A new programme to get more young people into construction jobs is set to be scaled up after a successful bricklaying pilot in Teesside.
The occupational traineeship in bricklaying has been developed by CITB as a way of helping students bridge the gap between college and a construction job. This was established because currently only 41% of students on Further Education construction courses join the sector.
The bricklaying pilot took place at Hartlepool College this summer. Students trained in a working site environment, building a bungalow and garage, followed by a work placement with local construction employers to gain vital on-the-job experience. Employers received £1,000 per trainee to cover the cost of work placements
Of the 14 trainees who completed the course, nine have got onto an apprenticeship. Now, three new occupational traineeships are being developed by CITB, in carpentry and joinery, drylining, and painting and decorating, with the aim of 8,000 learners taking them by 2025.
The occupational traineeship in bricklaying has been developed in partnership with the Education and Skills Funding Agency (ESFA), the Home Builders Federation (HBF), Association of Colleges (AoC), and the British Association of Construction Heads (BACH).
Tim Balcon, Chief Executive of CITB, said:
“Our forecasts predict that we will need to recruit an additional 217,000 workers by 2025 just to meet demand, including over 7,000 bricklayers. Schemes like this are essential therefore in attracting new recruits to the industry, providing them with the skills and support they need, and getting them to work. Congratulations to all the new apprentices from Hartlepool who I have no doubt will have long, rewarding careers in the industry.”
Occupational traineeships have been developed to support the largest-ever expansion of traineeships, as part of the government’s Plan for Jobs to ensure more young people have access to high quality training. The Chancellor confirmed an additional £126 million in the March budget to continue the expansion of traineeships.
Minister for Skills, Alex Burghart, said:
“It’s fantastic to see trainees in Teesside getting the skills they need to take on in-demand apprenticeships in the local construction industry.

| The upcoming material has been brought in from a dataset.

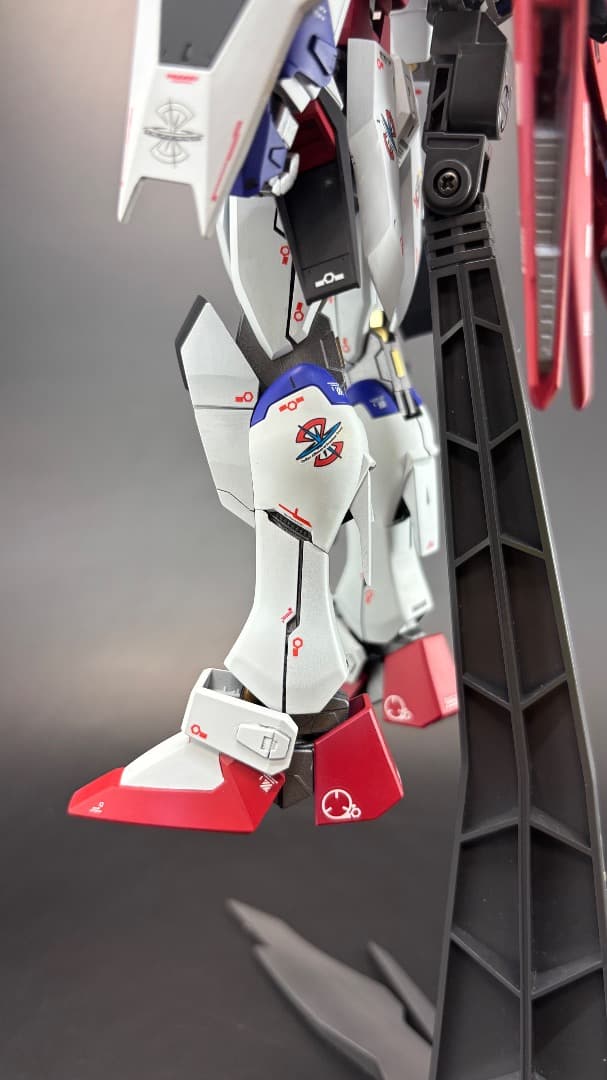 【塗装完成品】MG 1/100 デスティニーガンダム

“Traineeships are a brilliant way for young people to get on the career ladder, and help them get the skills, experience and confidence they need to enter work.”

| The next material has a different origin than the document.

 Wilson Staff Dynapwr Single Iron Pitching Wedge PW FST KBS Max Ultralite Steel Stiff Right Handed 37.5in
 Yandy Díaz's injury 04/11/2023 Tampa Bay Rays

John Cartwright from Hartlepool College, said:
“Traineeships are an essential area in the fundamental development of learners in order for them to make that step into the world of work. This occupational traineeship in brickwork gave both employers and learners the opportunity to ‘try before you buy’ before fully committing to an apprenticeship. At Hartlepool College we were delighted to be selected as the pilot provider which enabled us to have our fingerprints on what we see a huge step in transforming lives of young construction learners entering the world of work.”

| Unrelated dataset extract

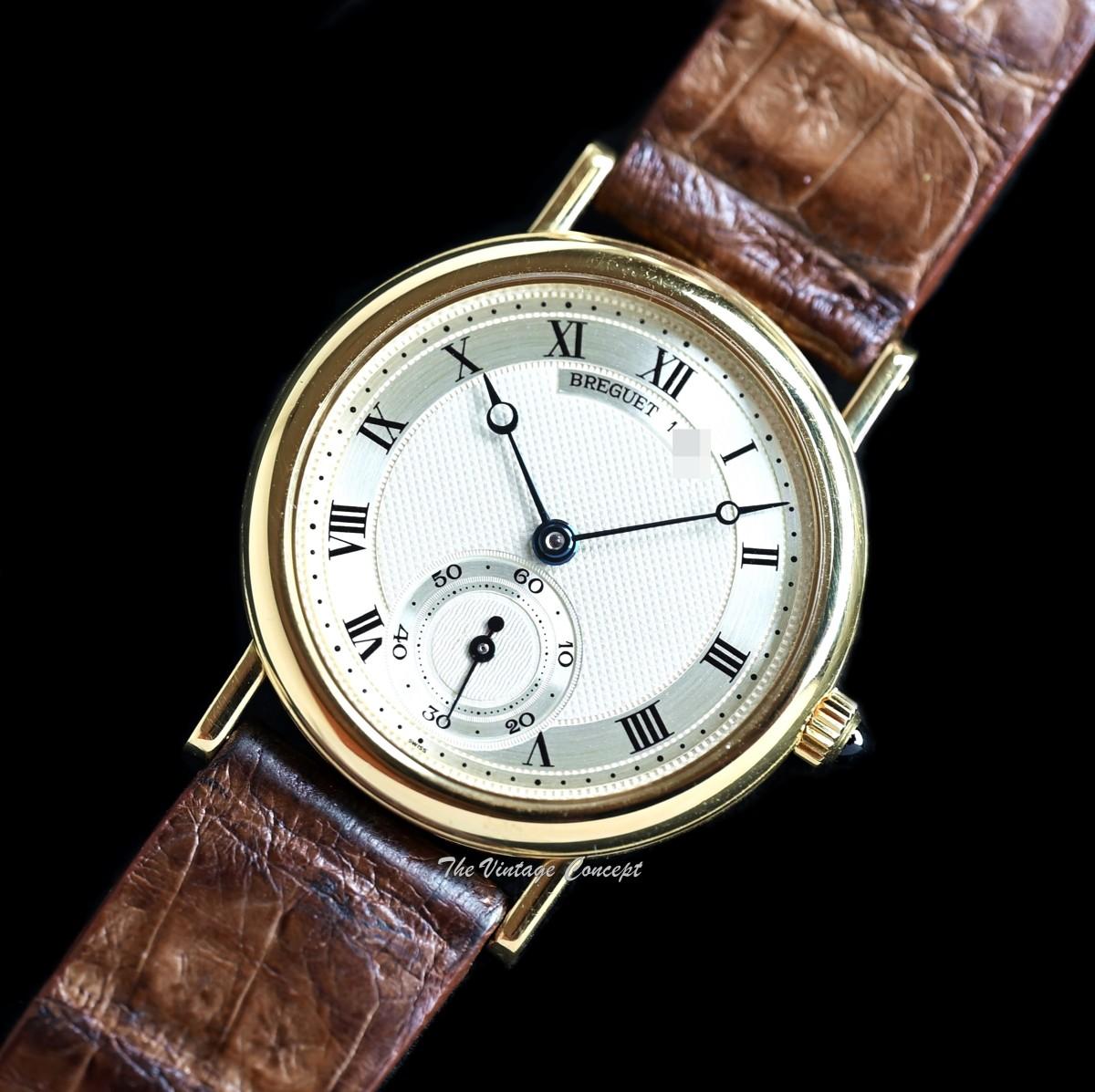 Breguet 31mm 18K Yellow Gold Classique 3210 Manual Wind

Graham Hasting-Evans, President of the British Association of Construction Heads (BACH), said:
“The construction industry presents a fantastic opportunity for young people who have practical skills to earn a great living and contribute to our society through better and greener housing and civil engineering infrastructure.
“Traineeships are a brilliant way of helping those who are less academic to get on to construction apprenticeships which will kickstart their future careers. It is great to see this initiative, supported by Hartlepool and BACH, successfully get off the ground and provide a model for other construction occupations.”